The Generation, Evaluation, and Metrics (GEM) Project: Improving dataset transparency with the Data Cards Playbook

People + AI Research @ Google

Published in

People + AI Research

13 min readJul 28, 2023

By Mahima Pushkarna and Andrew Zalidvar, with Sebastian Gehrmann

Abstract:

The Data Cards Playbook, developed by teams across Google and in collaboration with external partners, is a collection of participatory activities and resources to help dataset creators adopt a people-centric approach to structured documentation known as Data Cards. The cross-industry Generation, Evaluation, and Metrics (GEM) Project used four activities (“Dimensions Evaluation,” “Lens Voting,” “Lens Brainstorm,” and “Questions With Optics”) from the Data Cards Playbook to tackle the challenges of an open data project, in which contributors from across the world come together as a community to establish benchmarks to advance machine learning domains.

In applying the Playbook activities, they discovered opportunities for improvement. The Dimensions Evaluation revealed shortcomings in existing documentation. The Lens Voting and Lens Brainstorm helped determine the importance of different themes to capture in documentation, which were then turned into easy-to-answer questions using Questions with Optics. Together, these activities helped the GEM team update their documentation schema at scale, to document 41 heterogenous Natural Language Generation Datasets featuring 56 languages. As a side effect, the Data Cards Playbook also helped identify technical requirements for a front-end interface to capture documentation, with which the GEM team increased the information available about their datasets, while reducing the time required to complete documentation by one-third.

Introduction

Generation, Evaluation, and Metrics (GEM) is a community-driven, participatory effort to improve the evaluation of Natural Language Generation (NLG) systems that perform tasks that generate natural language, such as writing descriptions, summarizing a document or conversation, and predicting a plausible explanation. The GEM benchmark environment includes a set of resources and tools to help AI researchers understand NLG systems’ performance.
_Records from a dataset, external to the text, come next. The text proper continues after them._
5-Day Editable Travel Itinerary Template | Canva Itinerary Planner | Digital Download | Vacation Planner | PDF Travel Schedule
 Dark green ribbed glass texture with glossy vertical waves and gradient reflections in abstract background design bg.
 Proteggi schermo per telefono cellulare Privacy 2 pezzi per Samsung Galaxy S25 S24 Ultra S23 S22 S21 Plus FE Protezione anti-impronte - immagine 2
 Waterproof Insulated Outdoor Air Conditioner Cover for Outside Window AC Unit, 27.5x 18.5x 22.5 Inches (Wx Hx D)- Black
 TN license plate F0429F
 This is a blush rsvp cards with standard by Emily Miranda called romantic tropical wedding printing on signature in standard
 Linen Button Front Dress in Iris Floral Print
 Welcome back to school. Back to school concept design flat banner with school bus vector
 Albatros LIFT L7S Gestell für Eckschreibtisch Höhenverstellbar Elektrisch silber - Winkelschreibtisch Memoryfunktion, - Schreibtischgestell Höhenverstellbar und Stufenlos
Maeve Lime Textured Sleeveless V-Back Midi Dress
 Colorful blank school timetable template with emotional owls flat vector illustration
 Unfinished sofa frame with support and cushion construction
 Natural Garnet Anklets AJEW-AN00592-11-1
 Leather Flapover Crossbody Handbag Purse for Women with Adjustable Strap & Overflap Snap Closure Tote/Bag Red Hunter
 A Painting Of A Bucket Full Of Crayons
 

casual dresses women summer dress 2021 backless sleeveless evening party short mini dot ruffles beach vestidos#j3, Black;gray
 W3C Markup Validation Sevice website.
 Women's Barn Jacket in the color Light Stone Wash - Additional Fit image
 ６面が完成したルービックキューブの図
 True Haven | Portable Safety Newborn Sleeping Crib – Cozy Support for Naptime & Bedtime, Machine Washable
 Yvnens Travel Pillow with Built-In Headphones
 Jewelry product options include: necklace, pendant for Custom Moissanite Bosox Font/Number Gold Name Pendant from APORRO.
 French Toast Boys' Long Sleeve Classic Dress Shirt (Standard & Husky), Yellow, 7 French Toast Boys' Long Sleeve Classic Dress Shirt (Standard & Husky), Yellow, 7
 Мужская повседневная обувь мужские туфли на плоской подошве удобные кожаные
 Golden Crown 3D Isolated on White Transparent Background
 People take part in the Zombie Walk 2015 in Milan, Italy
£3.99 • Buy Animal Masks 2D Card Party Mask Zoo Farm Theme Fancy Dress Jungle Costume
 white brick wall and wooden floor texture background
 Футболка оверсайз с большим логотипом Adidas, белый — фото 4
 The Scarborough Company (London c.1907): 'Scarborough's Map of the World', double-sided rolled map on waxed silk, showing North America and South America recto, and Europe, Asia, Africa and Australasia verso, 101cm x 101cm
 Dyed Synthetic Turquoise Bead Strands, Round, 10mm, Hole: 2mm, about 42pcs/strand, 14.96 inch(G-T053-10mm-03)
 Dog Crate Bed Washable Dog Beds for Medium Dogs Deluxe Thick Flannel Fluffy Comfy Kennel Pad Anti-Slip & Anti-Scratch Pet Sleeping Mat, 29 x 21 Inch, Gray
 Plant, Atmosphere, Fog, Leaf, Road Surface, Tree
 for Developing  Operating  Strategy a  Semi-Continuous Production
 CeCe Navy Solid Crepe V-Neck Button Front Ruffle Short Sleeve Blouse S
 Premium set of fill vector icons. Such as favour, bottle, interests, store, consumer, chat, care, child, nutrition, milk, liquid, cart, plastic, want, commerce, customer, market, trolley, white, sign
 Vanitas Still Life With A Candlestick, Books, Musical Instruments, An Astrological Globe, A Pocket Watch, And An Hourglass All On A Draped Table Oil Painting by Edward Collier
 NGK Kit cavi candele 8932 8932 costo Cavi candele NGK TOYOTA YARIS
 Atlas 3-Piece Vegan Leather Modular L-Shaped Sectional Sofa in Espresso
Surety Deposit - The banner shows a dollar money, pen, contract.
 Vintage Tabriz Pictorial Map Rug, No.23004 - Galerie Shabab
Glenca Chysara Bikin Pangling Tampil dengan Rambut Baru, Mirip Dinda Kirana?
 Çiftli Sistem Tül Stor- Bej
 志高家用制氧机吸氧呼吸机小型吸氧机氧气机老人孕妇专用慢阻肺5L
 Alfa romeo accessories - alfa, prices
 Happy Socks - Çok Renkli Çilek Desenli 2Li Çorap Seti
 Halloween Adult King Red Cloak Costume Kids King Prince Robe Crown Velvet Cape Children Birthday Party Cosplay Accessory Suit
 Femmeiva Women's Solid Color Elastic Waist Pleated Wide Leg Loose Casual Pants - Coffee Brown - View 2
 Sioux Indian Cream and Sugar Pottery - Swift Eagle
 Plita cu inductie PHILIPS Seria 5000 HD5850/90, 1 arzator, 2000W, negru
NLG describes a broad class of problems, in which a model is tasked with generating fluent and accurate natural language that can fulfill some underlying communicative goal. They have become top-of-mind for many people, with large language models (LLMs) like ChatGPT, PaLM2, and the Llama2 efforts receiving a lot of widespread attention and public discussion. The tasks that many NLG systems perform are based on structured inputs, such as online documents or articles scraped from the web. For example, summarization datasets such as MLSum are a popular type of NLG dataset that contain documents that are crowdsourced, found on the web, artificially generated, or created using some combination of these approaches. Models trained on such datasets are often tasked with generating a single-sentence summary that captures the key points in a longer article.

Regardless of how datasets are collected, it’s important that they are documented and that claims about a particular model’s capabilities are accurate, and any limitations or caveats are identified. Transparency in documentation is one way of improving a dataset’s usefulness without changing the dataset itself. The GEM benchmark environment gives a view into developing standards for evaluating and documenting NLG datasets, models and tasks with automated metrics and human annotations. It uses both Data Cards and Model Cards to report on datasets available in the repository and evaluate models on tasks, respectively.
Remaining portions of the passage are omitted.